ENTRIES PROVIDED =>
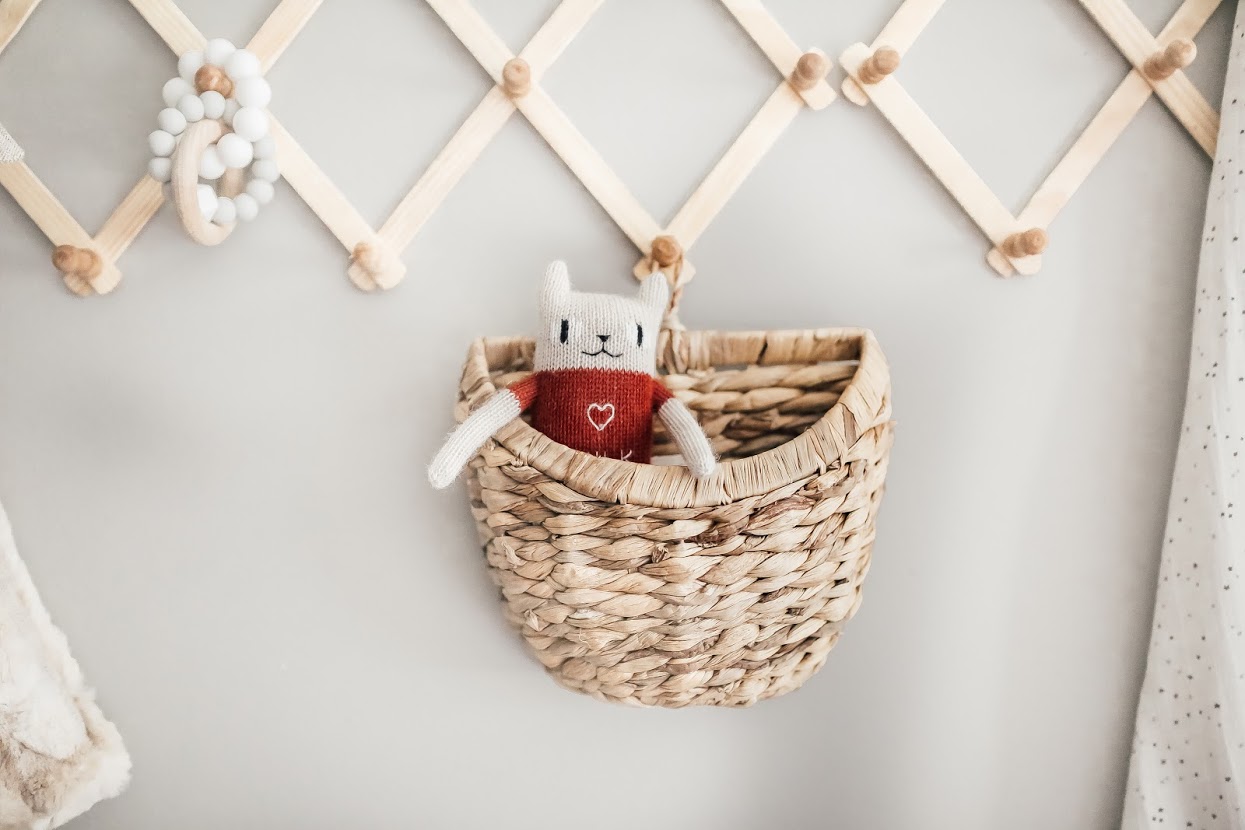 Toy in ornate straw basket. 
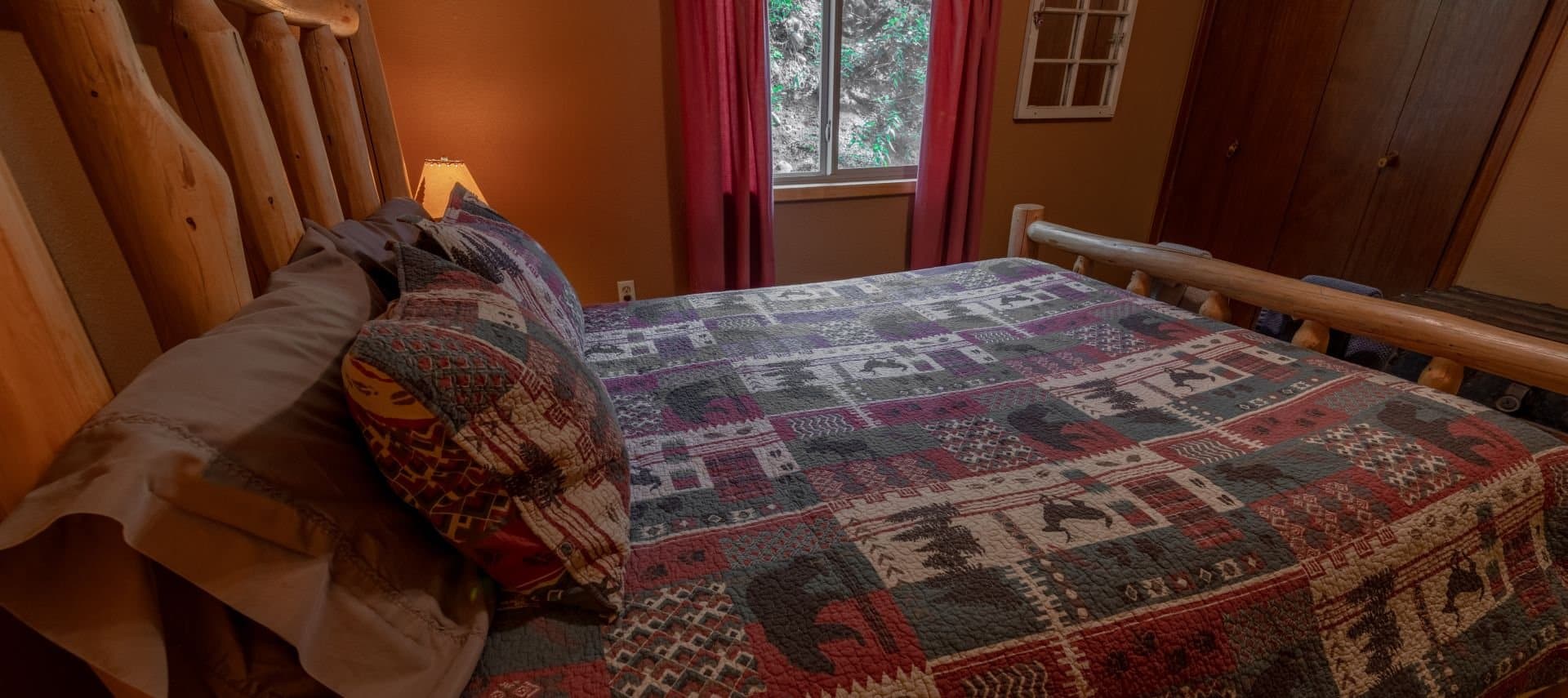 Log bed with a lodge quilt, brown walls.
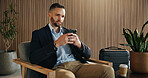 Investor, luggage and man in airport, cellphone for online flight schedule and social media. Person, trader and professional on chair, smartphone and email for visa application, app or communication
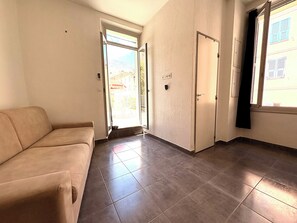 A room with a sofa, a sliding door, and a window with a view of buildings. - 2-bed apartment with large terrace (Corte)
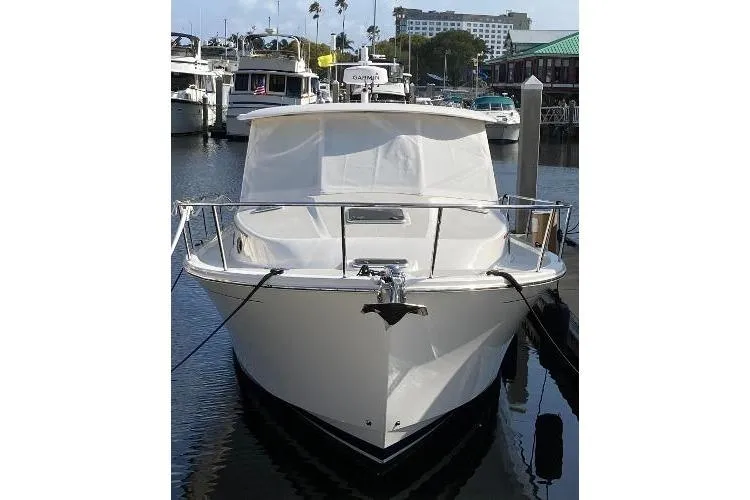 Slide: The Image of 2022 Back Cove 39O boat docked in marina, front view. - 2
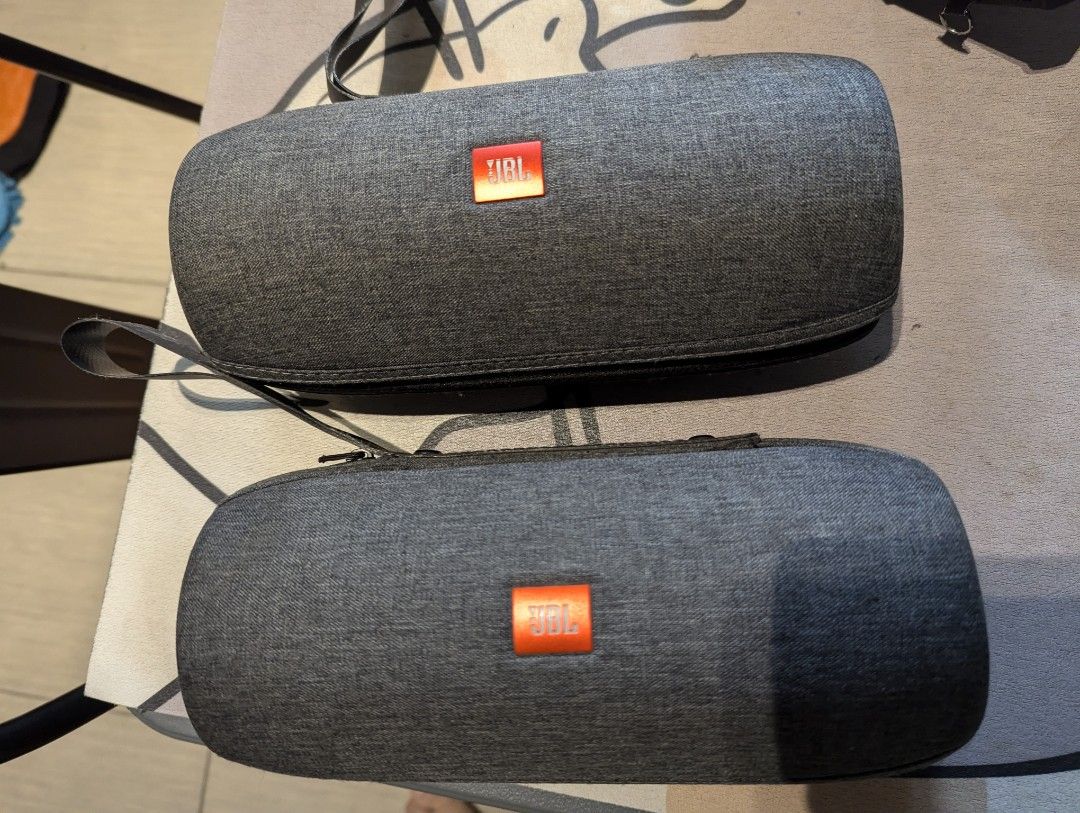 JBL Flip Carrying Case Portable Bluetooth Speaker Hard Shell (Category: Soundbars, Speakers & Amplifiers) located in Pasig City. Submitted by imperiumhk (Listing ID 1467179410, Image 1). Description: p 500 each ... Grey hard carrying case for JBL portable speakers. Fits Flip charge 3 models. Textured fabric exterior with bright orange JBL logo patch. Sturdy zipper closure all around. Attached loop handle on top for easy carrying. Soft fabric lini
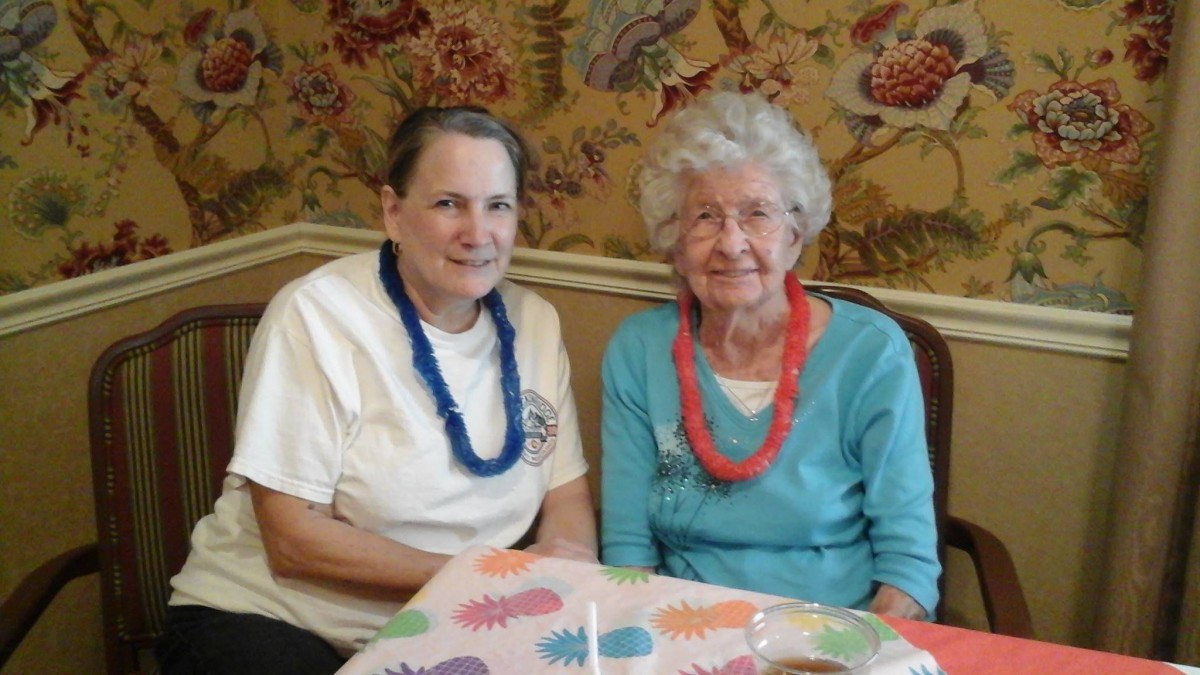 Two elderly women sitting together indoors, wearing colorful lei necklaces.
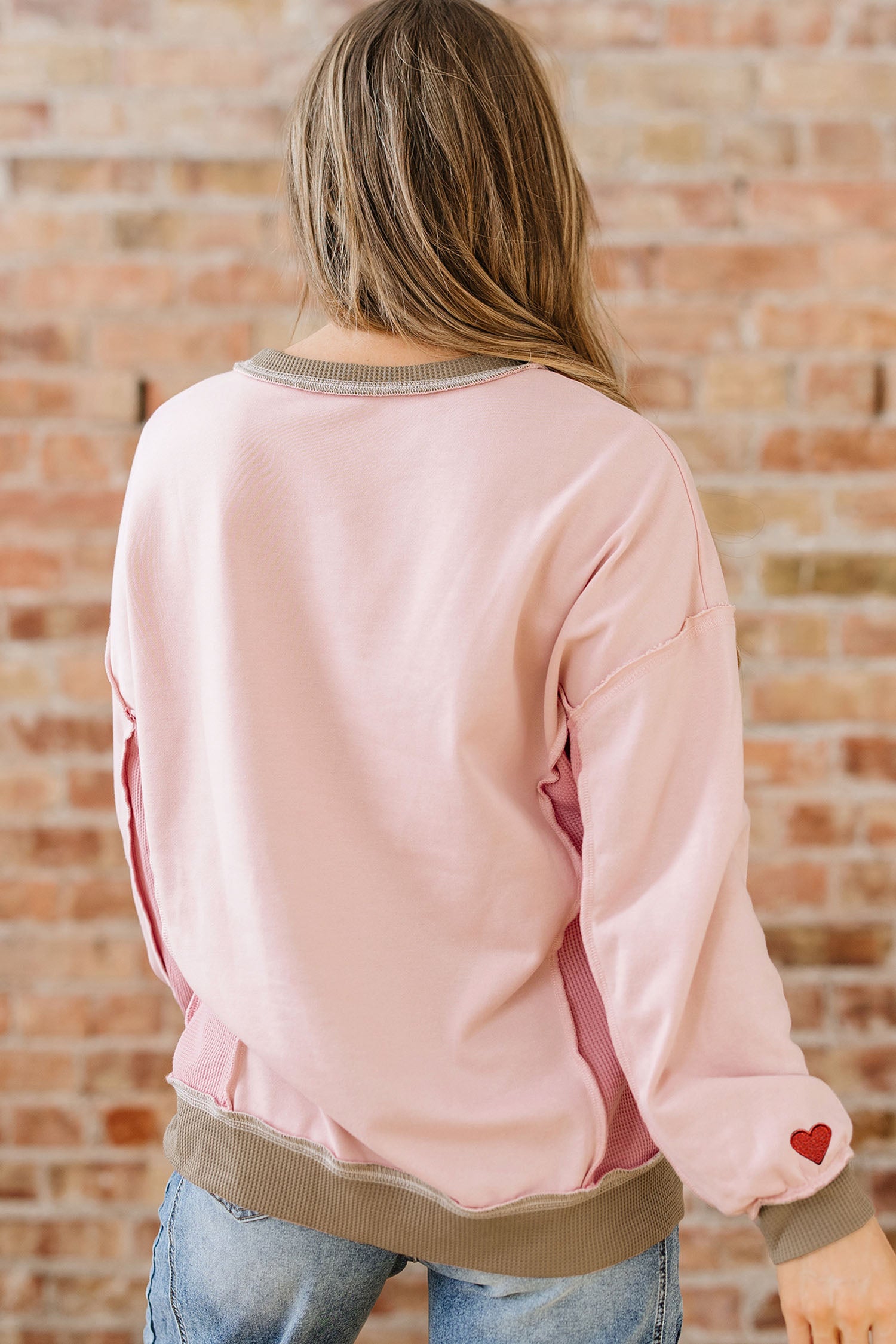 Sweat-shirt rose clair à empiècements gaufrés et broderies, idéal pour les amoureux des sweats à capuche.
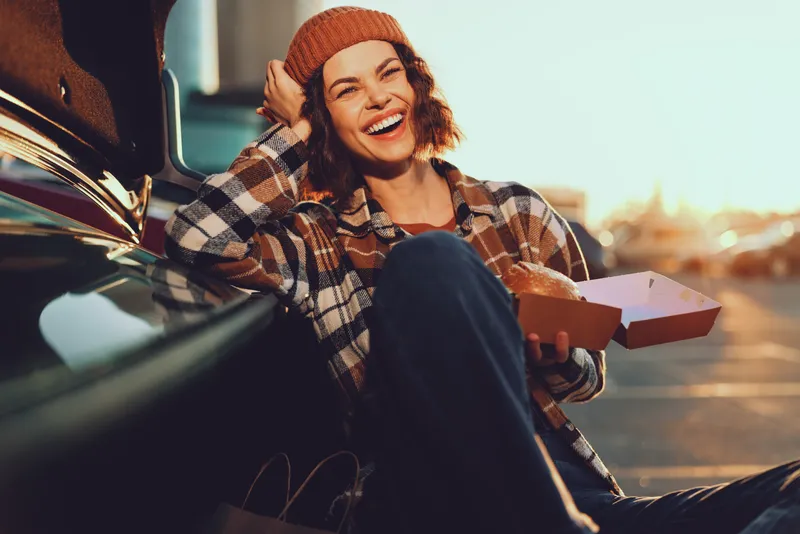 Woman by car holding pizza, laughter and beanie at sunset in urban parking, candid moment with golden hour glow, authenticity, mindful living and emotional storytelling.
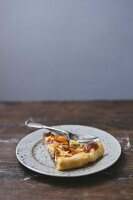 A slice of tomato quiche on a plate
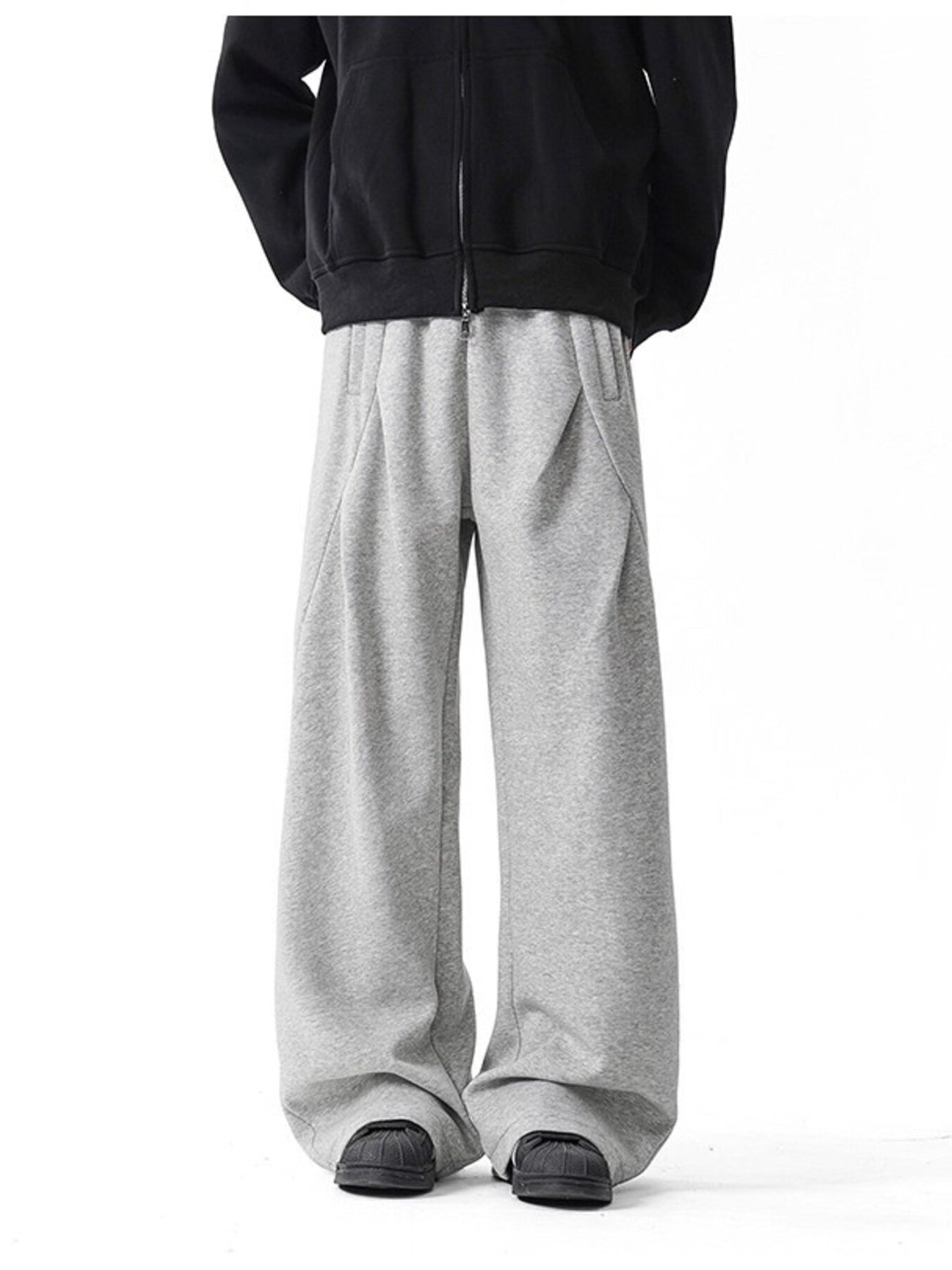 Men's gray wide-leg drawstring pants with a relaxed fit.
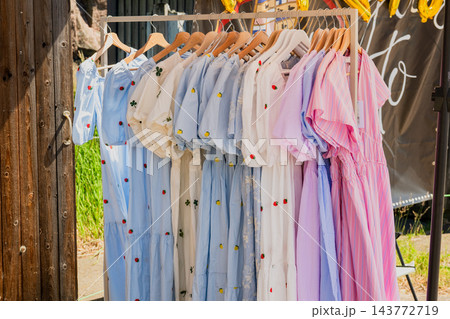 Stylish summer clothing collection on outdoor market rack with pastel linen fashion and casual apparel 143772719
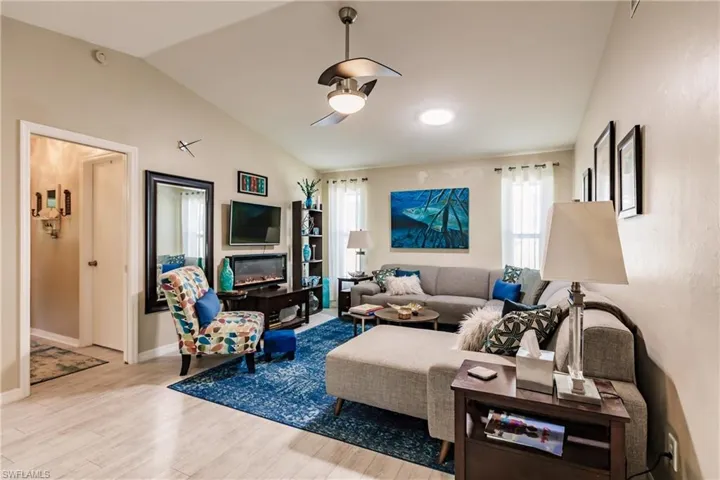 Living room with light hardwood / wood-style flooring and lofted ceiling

INSTRUCTIONS TO FOLLOW =>
What is needed here is each line above set down word for word, minus the images.

PROBLEM SOLUTION =>
 Toy in ornate straw basket. 
 Log bed with a lodge quilt, brown walls.
 Investor, luggage and man in airport, cellphone for online flight schedule and social media. Person, trader and professional on chair, smartphone and email for visa application, app or communication
 A room with a sofa, a sliding door, and a window with a view of buildings. - 2-bed apartment with large terrace (Corte)
 Slide: The Image of 2022 Back Cove 39O boat docked in marina, front view. - 2
 JBL Flip Carrying Case Portable Bluetooth Speaker Hard Shell (Category: Soundbars, Speakers & Amplifiers) located in Pasig City. Submitted by imperiumhk (Listing ID 1467179410, Image 1). Description: p 500 each ... Grey hard carrying case for JBL portable speakers. Fits Flip charge 3 models. Textured fabric exterior with bright orange JBL logo patch. Sturdy zipper closure all around. Attached loop handle on top for easy carrying. Soft fabric lini
 Two elderly women sitting together indoors, wearing colorful lei necklaces.
 Sweat-shirt rose clair à empiècements gaufrés et broderies, idéal pour les amoureux des sweats à capuche.
 Woman by car holding pizza, laughter and beanie at sunset in urban parking, candid moment with golden hour glow, authenticity, mindful living and emotional storytelling.
 A slice of tomato quiche on a plate
 Men's gray wide-leg drawstring pants with a relaxed fit.
 Stylish summer clothing collection on outdoor market rack with pastel linen fashion and casual apparel 143772719
 Living room with light hardwood / wood-style flooring and lofted ceiling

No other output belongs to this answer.